Tlingit artist Shaadootlaa Tinaayeil Iyall is a woman of many talents. She is a traditional herbalist, a weaver, a beader, a sewer, a tattooist, a singer, a dancer, a storyteller, a teacher, and a student, among other things. In this presentation, Iyall will discuss how her artistic life has developed through her close connection to Tlingit culture. She will share the latest weaving she
is working on, the time-consuming process of gathering and preparing materials to weave, and the weaving process itself. A true labor of love.

Iyall will also convey the history behind a sadat.at, beaded collar, titled Symbolic Repatriation Beaded Neck Shield. It was created as part of Iyall’s anthropology capstone project for the University of Alaska Southeast, where she received her degree in 2022, and the Burke Museum was pleased to welcome this piece into its permanent collection last year. Ceremonial tattooing has also been an important part of Iyall’s artistic journey. She will share the significance of this traditional practice and its return to prominence in recent years.

This event is FREE and open to all and is made possible with support from Friends of Native Art. 

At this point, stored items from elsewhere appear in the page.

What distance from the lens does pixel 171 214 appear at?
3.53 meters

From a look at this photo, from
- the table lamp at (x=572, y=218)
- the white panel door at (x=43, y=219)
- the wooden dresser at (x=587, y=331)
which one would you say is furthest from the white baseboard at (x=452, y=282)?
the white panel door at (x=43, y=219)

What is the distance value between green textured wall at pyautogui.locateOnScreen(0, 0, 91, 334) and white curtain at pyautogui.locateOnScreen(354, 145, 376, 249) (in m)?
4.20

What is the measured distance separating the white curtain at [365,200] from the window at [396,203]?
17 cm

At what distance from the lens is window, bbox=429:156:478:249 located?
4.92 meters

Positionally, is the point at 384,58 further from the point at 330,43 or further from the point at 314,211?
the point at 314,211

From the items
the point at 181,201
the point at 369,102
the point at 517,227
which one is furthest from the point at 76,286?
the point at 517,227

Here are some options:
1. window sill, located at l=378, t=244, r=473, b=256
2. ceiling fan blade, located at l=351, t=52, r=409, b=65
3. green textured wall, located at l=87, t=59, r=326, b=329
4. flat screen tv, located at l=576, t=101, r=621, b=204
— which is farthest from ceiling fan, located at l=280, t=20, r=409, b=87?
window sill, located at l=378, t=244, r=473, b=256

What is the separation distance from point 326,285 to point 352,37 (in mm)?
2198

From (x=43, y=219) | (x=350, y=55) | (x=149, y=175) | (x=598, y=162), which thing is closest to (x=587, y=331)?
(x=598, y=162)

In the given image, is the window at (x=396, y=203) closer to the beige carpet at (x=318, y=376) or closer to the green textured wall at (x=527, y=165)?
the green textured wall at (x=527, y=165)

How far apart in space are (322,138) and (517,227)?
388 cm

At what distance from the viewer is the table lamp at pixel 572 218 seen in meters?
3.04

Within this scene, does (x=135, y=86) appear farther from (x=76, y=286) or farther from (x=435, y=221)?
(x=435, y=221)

Tlingit Artist Shaadootlaa Tinaayeil IyallAbout the Artist

Tlingit Artist Shaadootlaa Tinaayeil Iyall (1970),born in Mexico City and raised in Southeast Alaska, she carries her mother’s artist lineage of the Tlingitpeople. She is of the L’uknax.adi Raven Coho of Gunaaxoo Kwaan Dry Bay Alaska, from the Xixch’i Hit frog house, Granddaughter of the Wooshkeetaan Eagle Shark, of Hoonah Alaska. Growing up she was inspired to bead, sew, sing and dance within the Tlingit culture. Graduate of Native American Arts & Cultural Studies with Northwest Indian College, High Honors 2001. She’s a graduate from University of Southeast Alaska,
Bachelor of Liberal Arts, Anthropology & Art, 2022. She has studied at the Institute of American Indian Arts and the Poeh Cultural Center in New Mexico. Today she practices and teaches as a traditional Herbalist and studies with Herbal Academy, clinical studies.

Shaadootlaa now lives on Salish Grounds with her husband David Iyall of the Nisqually tribe, you can find her beading octopus bags & jewelry, making regalia, skin sewing of moccasins & mukluk, weaving of cedar bark basketry, Raven’s Tail & Chilkat loom weaving, singing and dancing with Alaska Kuteeyaa Dancers, storytelling and creating space for teachings, being a ceremonial tattooist, foraging and making traditional medicines, and most important having the roles as Mamma, Abuela and Wife.